The city of Bonn unites a unique combination of research, education and policy advice on the future topic of sustainable development. Bonn is not only a city of science, but also the location of the UN in Germany. The 20 UN organizations, with the Climate Change Secretariat as the best-known institution, are largely focused on sustainability issues.
Under the leadership of the Excellence University of Bonn, several leading players in research and education, including the UN University, have joined forces to form the Bonn Alliance for Sustainability Research. The Innovation Campus Bonn (ICB), which is being developed under the auspices of the Bonn Alliance, pools existing top-level scientific expertise in sustainability research and expands it with new components into a unique international science center. Sustainability research takes place in direct exchange and dialogue with policy makers, civil society and the private sector from the local to the global level.
Sustainability as a future topic
In 2015, the member states of the United Nations adopted the Agenda 2030 for Sustainable Development. This agenda expresses the conviction of the international community of states that global challenges can only be solved together. The Agenda 2030 with 17 defined Sustainable Development Goals (SDGs) provides a basis for shaping economic progress in harmony with social justice and within the ecological limits of the earth – worldwide (“Leaving no one behind”).
However, the implementation of the Agenda 2030 for Sustainable Development can only succeed if not only the goals but also the central drivers of such global change are considered, which can be summarized in three categories: technological transformations, changed orders and guiding principles in transition.
These drivers influence all processes of sustainable development. They change, accelerate, slow down or even completely reorient transformation processes: The concept of sustainability itself is subject to transformation.
The goal of the Innovation Campus Bonn (ICB) is to investigate these dynamics in an interdisciplinary and transdisciplinary manner in three research areas: Digitalization and Artificial Intelligence, Mobility and Migration, and Bioeconomy.
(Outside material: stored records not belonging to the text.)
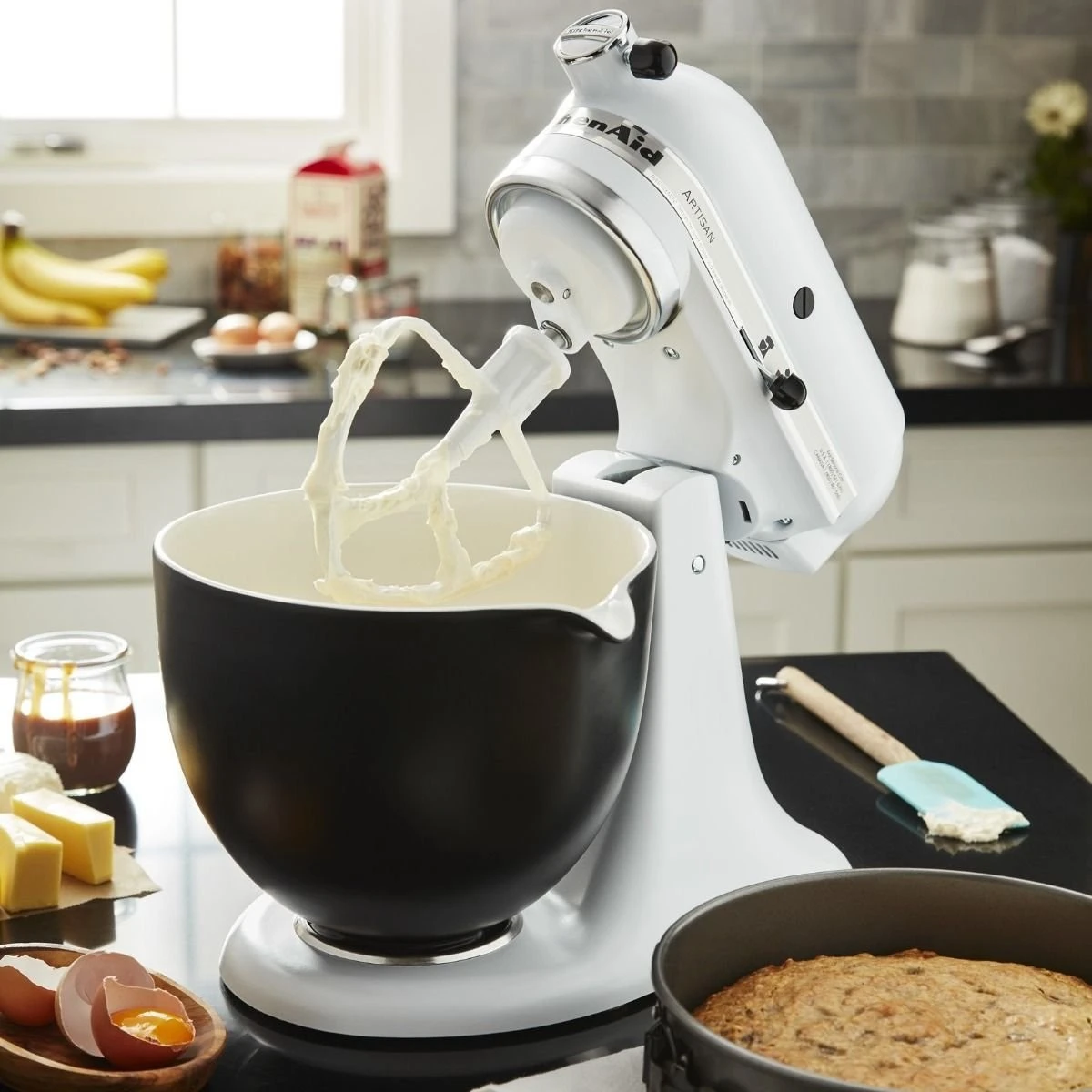 KitchenAid 5-Quart Black Matte Ceramic Bowl + Flex Edge Beater | Fits 4.5-Quart & 5-Quart KitchenAid Tilt-Head Stand Mixers - Image 5
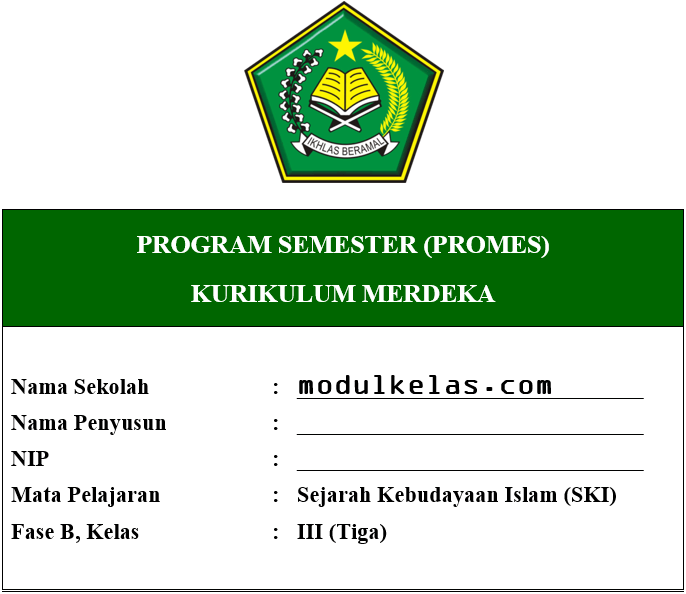 Promes SKI Kelas 3 MI Fase B Kurikulum Merdeka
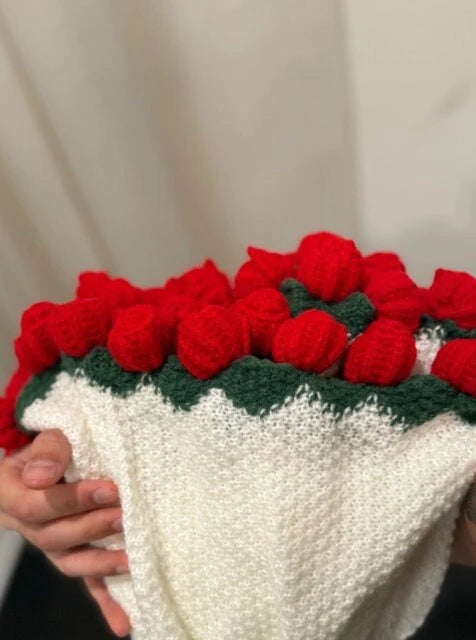 Throw Blanket Double-Knit Crocheted Flower Appliques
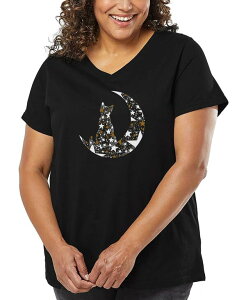 GG[|bvA[g fB[X gbvX TVc Vc Black LA Pop Art Plus Size Cat Sitting On Moon Word Art V-Neck T-Shirt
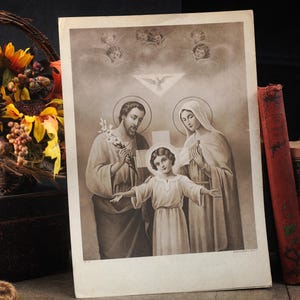 Vintage French Christian Holy Communion Print, Holy Family Print - Bouasse Jeune France Print Catholic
Current scientific and technical developments – in all areas of the natural and engineering sciences, but also in industrial process technology – are creating labor markets that will change the international division of labor, social systems, societies and knowledge systems as fundamentally as the technological transformations at the beginning of the industrial revolution in transition to the 19th century.
The discussions taking place around the term “Industry 4.0” are only a prelude to adequately understanding and shaping these far-reaching dynamics. These innovation thrusts touch all dimensions of the Agenda 2030 in a fundamental sense. However, the goals contained in the Agenda 2030 hardly address this. Established sustainability research has so far examined them only marginally or not at all.
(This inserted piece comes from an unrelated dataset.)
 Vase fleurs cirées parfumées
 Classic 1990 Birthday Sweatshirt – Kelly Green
Globally networked communication, transnational networks, new constellations of actors and tectonic shifts of power are becoming increasingly important. The relationship between transnationally mobile actors (including investors and companies, international NGOs, migrants) and stationary actors (such as governments, vulnerable population groups) is changing. New communication technologies, for example, allow very different actors to network and act transnationally.
New, highly dynamic relationships are emerging that stand in the way of maintaining manifest and previously established boundaries. They require new types of problem-solving, governance structures and processes. How transformation alliances and strategies for implementing the Agenda 2030 are designed and what “transformative governance” could mean are central questions addressed at the ICB. Changed systems and networks are reflected in a field of tension between the persistence, dissolution and renegotiation of boundaries, authorities, sovereignties and responsibilities.
The ICB research priority on mobility and migration is dedicated to this area.
Guiding Principles in Transition
Not only technologies and governance structures are in a state of transition, but also social models and ideas of development. The Agenda 2030, which for the first time addresses the development deficits of all countries – not just the “developing countries” – offers a broad basis for discussion. The aim of this discussion must be to find innovative solutions in conflict between social, ecological and economic needs.
Related research at the Innovation Campus Bonn (ICB) concentrates primarily on the research priority bioeconomy, with the goals of sustainable production and sustainable consumption in a world of 9 to 10 billion people. Central elements of this are the transition from an economy based on the extraction of fossil raw materials and resources to a low-emission recycling economy based on renewable resources, sustainably used ecosystems with care for biodiversity, and biological innovations.